Extracted data entries
□ □ □ □

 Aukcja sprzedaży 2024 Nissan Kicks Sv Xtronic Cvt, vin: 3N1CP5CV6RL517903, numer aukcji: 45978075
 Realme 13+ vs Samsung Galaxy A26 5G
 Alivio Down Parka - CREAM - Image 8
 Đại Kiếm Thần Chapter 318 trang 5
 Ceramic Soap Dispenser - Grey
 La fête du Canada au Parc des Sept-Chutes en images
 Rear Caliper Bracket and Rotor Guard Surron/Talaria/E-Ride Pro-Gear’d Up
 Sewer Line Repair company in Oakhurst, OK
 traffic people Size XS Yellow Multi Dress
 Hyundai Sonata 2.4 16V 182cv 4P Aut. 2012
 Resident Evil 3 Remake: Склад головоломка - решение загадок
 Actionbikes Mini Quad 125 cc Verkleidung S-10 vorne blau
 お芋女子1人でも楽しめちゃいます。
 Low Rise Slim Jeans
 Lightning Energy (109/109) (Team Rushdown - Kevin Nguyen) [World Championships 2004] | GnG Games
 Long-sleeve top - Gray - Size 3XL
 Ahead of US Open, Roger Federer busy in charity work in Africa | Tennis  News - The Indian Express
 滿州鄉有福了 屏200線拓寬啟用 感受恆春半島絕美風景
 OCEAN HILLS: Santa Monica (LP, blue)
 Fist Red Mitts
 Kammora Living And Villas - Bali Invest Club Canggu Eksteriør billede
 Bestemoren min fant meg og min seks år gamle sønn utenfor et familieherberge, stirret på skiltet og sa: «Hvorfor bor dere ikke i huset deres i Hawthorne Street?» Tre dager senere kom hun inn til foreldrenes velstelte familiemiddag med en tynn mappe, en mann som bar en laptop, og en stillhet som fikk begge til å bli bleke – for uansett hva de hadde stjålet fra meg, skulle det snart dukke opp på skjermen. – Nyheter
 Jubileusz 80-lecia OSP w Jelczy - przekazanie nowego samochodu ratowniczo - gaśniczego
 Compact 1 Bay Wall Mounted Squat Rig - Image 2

□ □ □ □

▸ **Directions for this task**
All that is wanted is an exact copy of the lines above from the one with "traffic people Size XS Yellow Multi Dress" through the one with "Low Rise Slim Jeans", with both ends included.

▸ **Expected answer**
 traffic people Size XS Yellow Multi Dress
 Hyundai Sonata 2.4 16V 182cv 4P Aut. 2012
 Resident Evil 3 Remake: Склад головоломка - решение загадок
 Actionbikes Mini Quad 125 cc Verkleidung S-10 vorne blau
 お芋女子1人でも楽しめちゃいます。
 Low Rise Slim Jeans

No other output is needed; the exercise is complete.